Task prompt:
In the records below, find the line with "Porsche Panamera kommer i sex nya versioner", then copy each line exactly until you have copied the line with "Casa unifamiliar en". Leave any picture out.

Data records:
------------------------------------------------------------------------

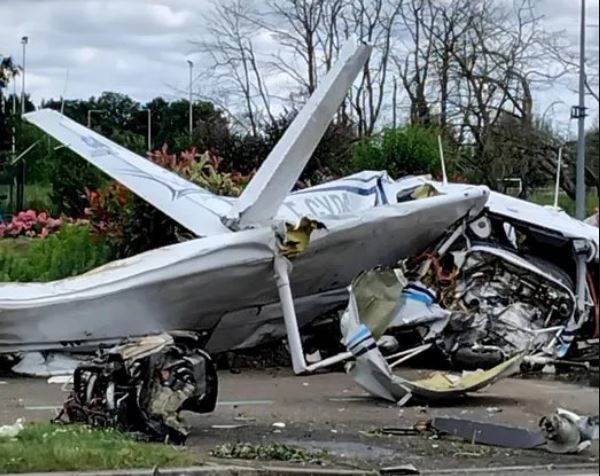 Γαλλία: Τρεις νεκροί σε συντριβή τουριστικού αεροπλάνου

------------------------------------------------------------------------

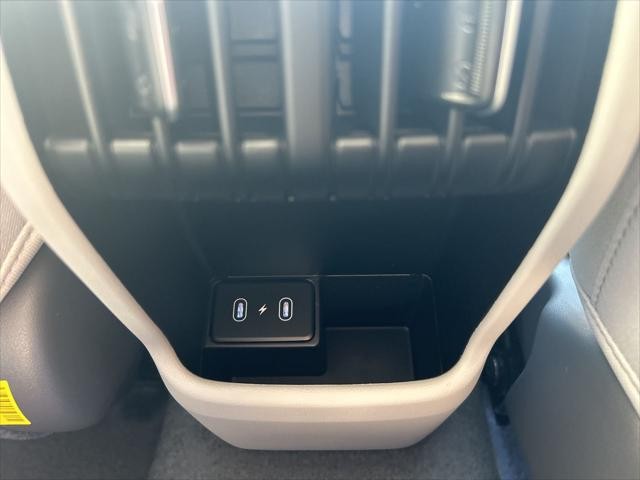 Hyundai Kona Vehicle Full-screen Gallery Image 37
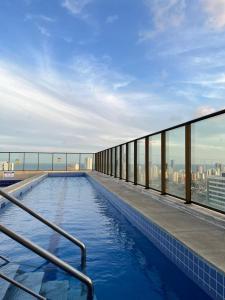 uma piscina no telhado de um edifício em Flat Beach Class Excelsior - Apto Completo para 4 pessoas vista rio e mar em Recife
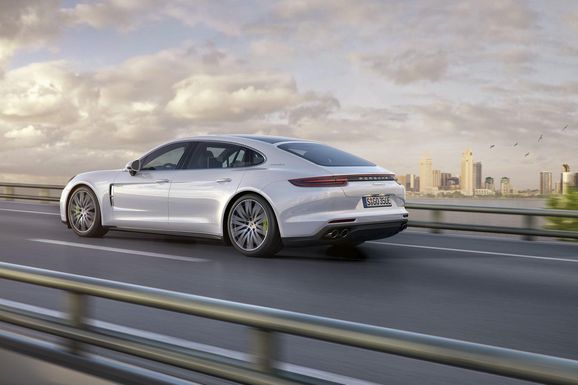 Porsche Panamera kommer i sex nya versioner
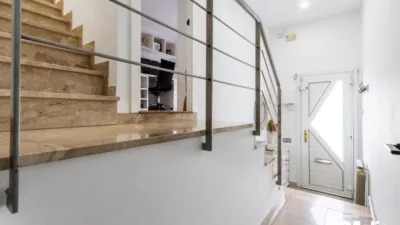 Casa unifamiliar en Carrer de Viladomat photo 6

------------------------------------------------------------------------

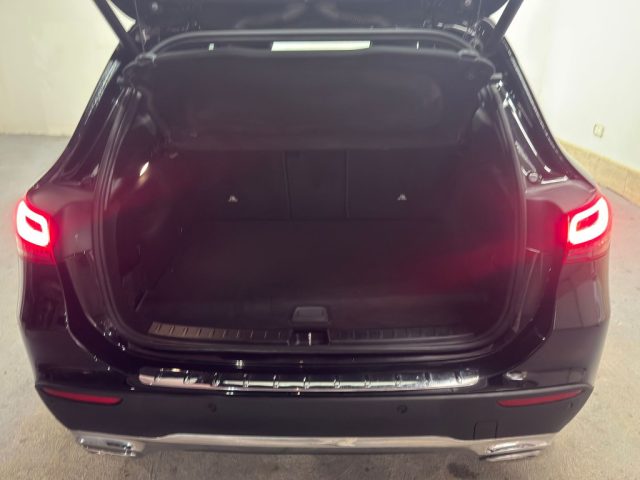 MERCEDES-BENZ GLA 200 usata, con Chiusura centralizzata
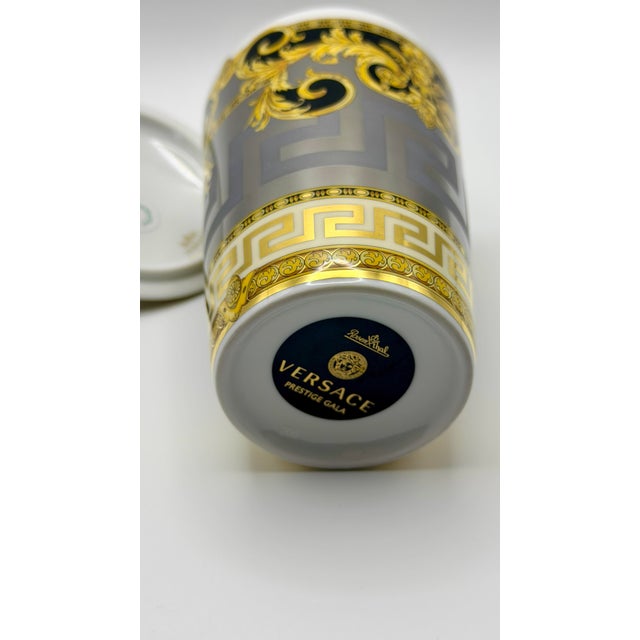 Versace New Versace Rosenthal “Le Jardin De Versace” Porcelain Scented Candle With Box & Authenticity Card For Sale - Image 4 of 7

------------------------------------------------------------------------

Your solution:
 Porsche Panamera kommer i sex nya versioner
 Casa unifamiliar en Carrer de Viladomat photo 6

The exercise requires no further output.